(Records supplied)
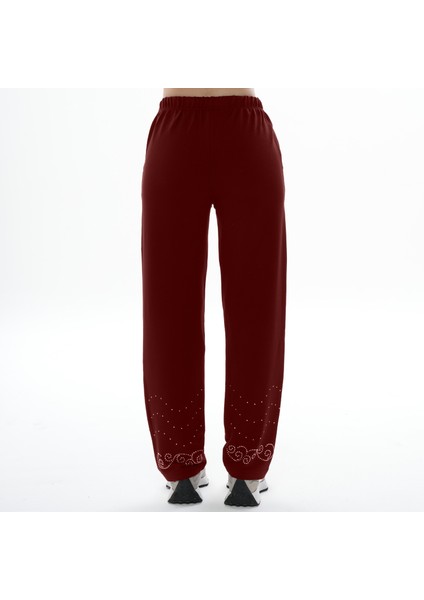 Kadın Paçası Taş Baskılı Bordo Renk Eşofman Altı (Büyük Beden Seçeneğiyle) modelleri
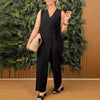 Rivka | Einfarbiger, lässiger Jumpsuit mit V-Ausschnitt und Bindeband für Damen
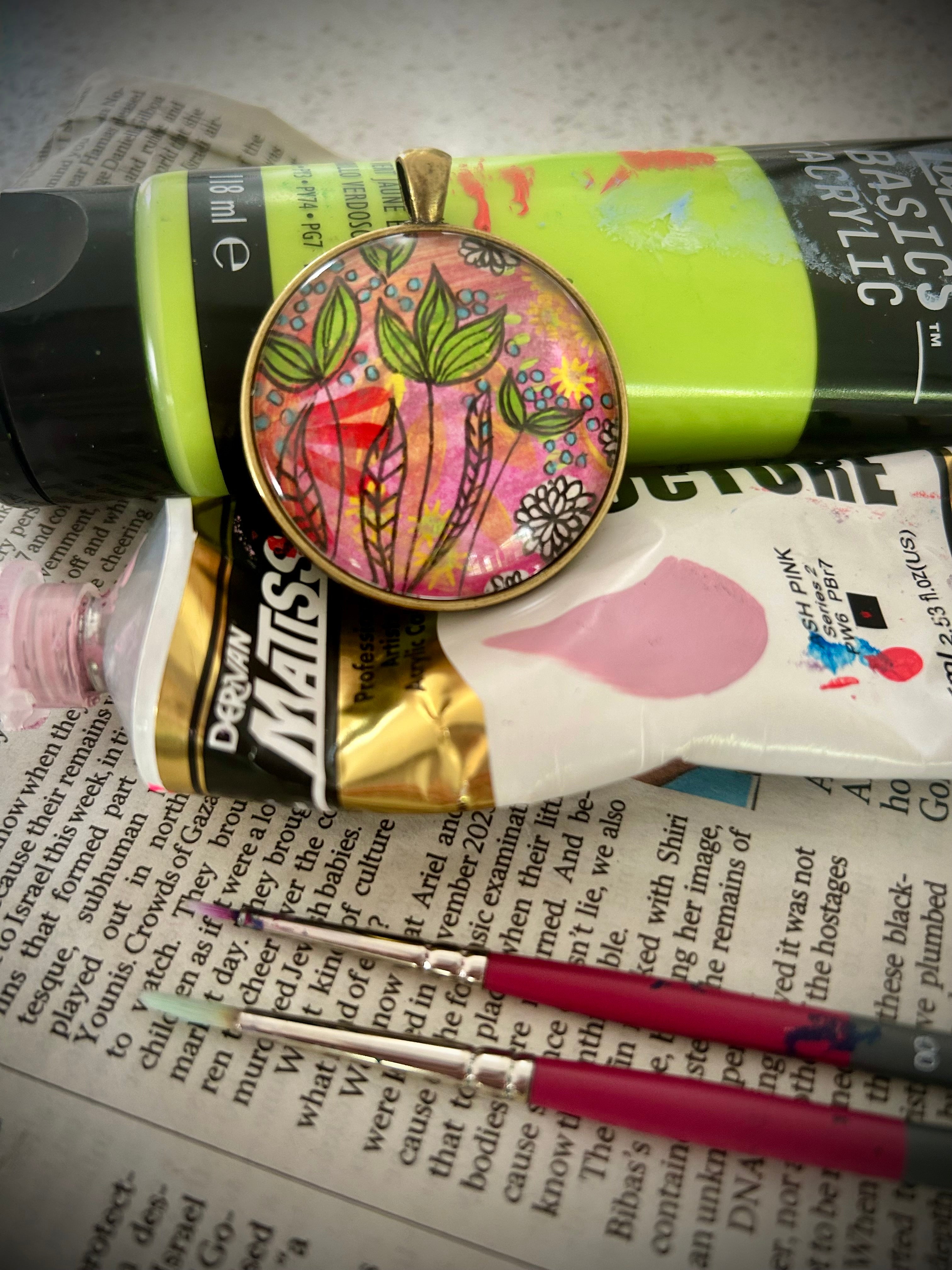 Hand-painted necklace : Neon Garden Party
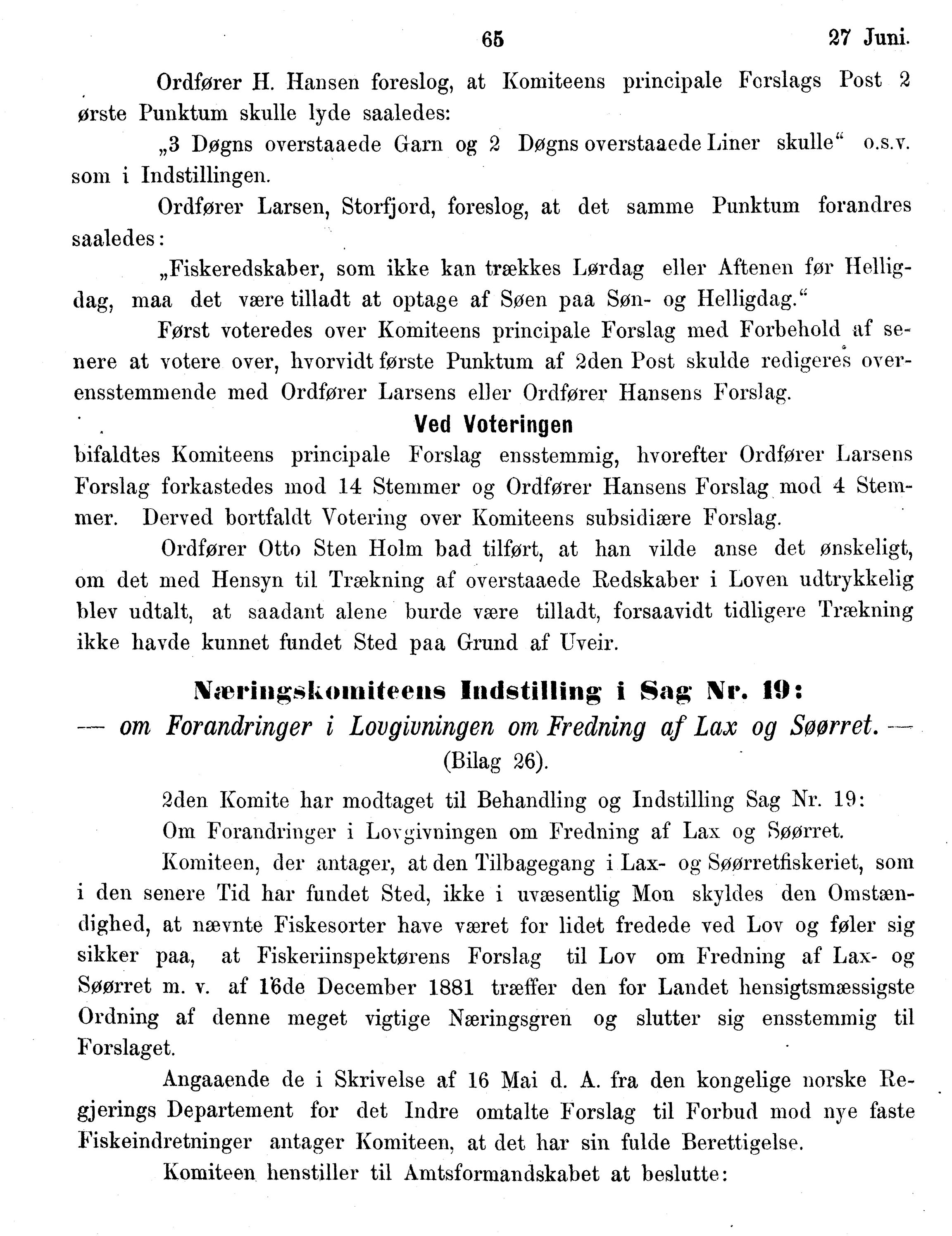 Nordland Fylkeskommune. Fylkestinget, AIN/NFK-17/176/A/Ac/L0014: Fylkestingsforhandlinger 1881-1885, 1881-1885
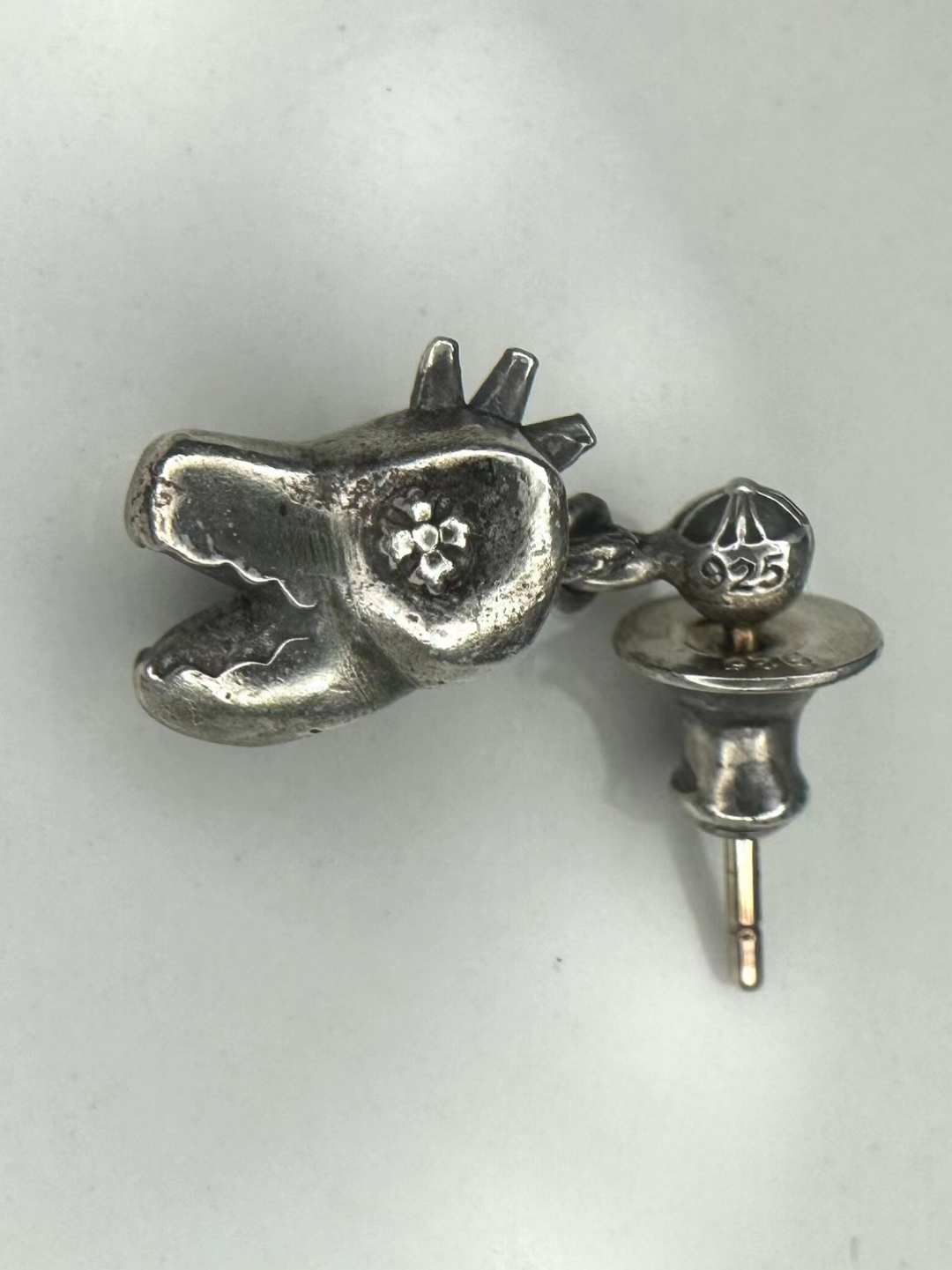99新 Chrome Hearts/克罗心 克罗心恐龙十字架耳钉 耳坠 99新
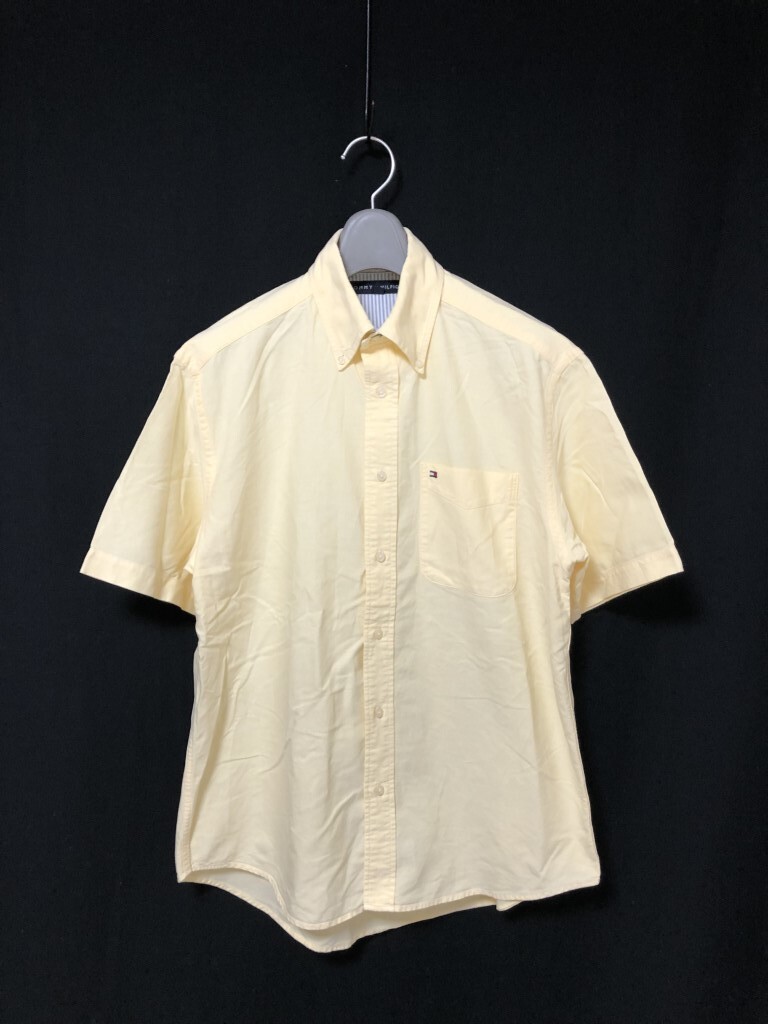 ◆TOMMY HILFIGER トミーヒルフィガー オックスフォード 半袖シャツ イエロー 胸ロゴ 90s拍卖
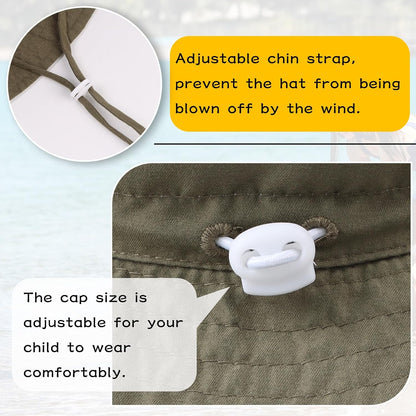 Peecabe Summer Baby Sun Hat for Boys Girls UPF 50+ Wide Brim Toddle Bucket Hat Adjustable Baby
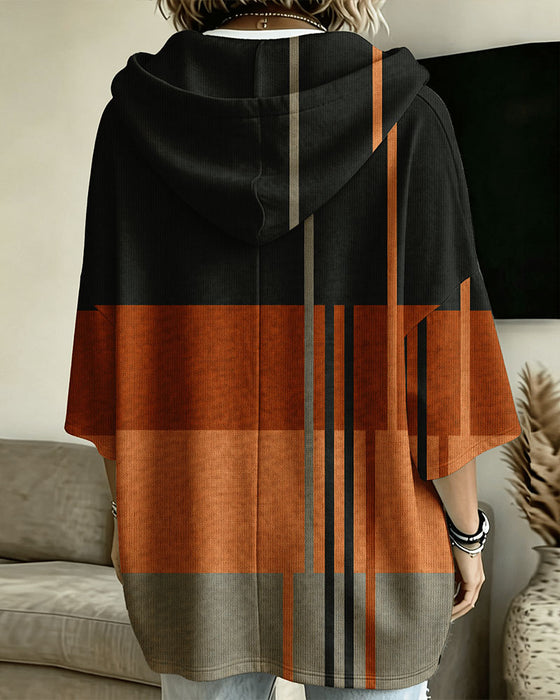 Sweatshirt Kleurblok Gestreept Raglanmouw Capuchon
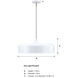 Forbidden Springs LED 20 inch Matte White Down Pendant Ceiling Light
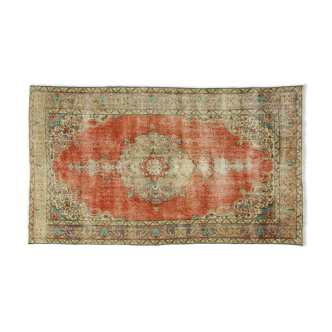 Anatolian handmade vintage rug 265 cm x 160 cm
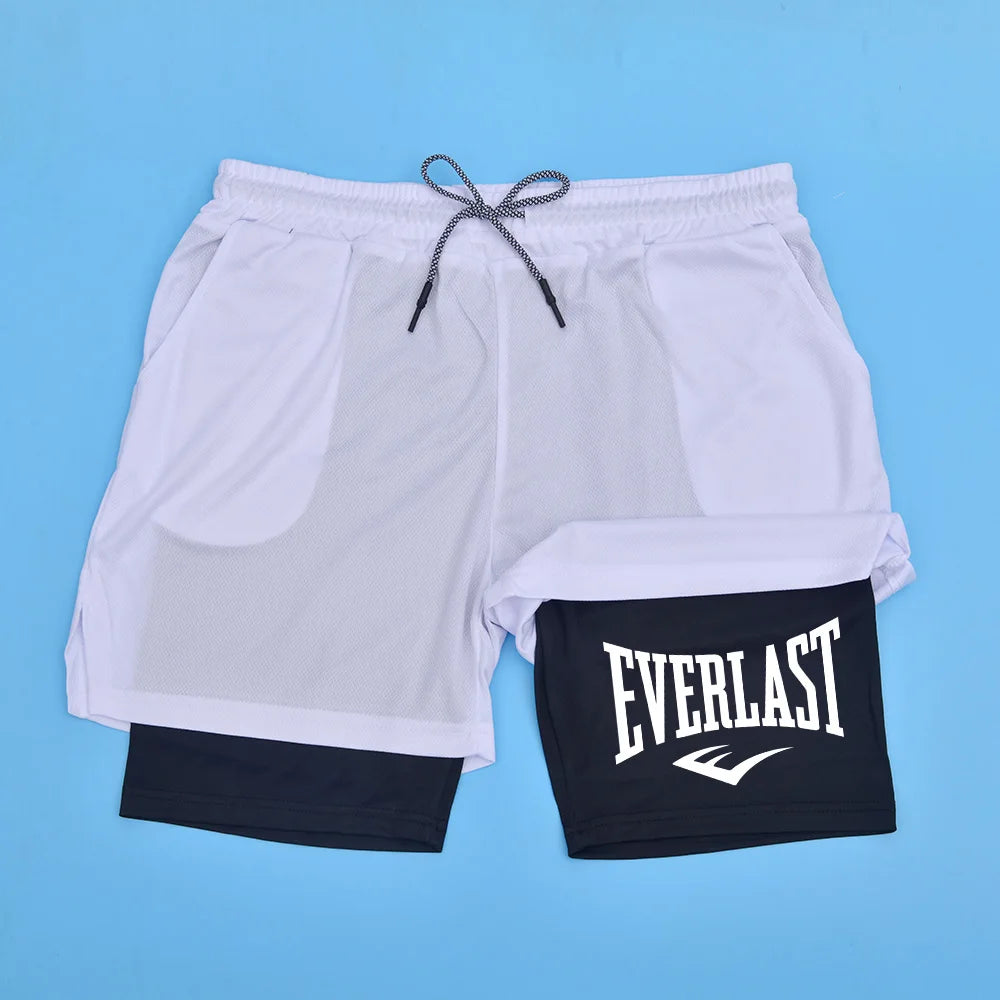 Short Masculino Esportivo EVERLAST 2 em 1 – Compressão, Performance e Secagem Rápida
(End Records supplied)
Work task: Your copy should hold only the lines running from the one that contains "Forbidden Springs LED" through the final line of the data; transcribe them exactly, both ends included, and leave pictures out.

Problem solution:
 Forbidden Springs LED 20 inch Matte White Down Pendant Ceiling Light
 Anatolian handmade vintage rug 265 cm x 160 cm
 Short Masculino Esportivo EVERLAST 2 em 1 – Compressão, Performance e Secagem Rápida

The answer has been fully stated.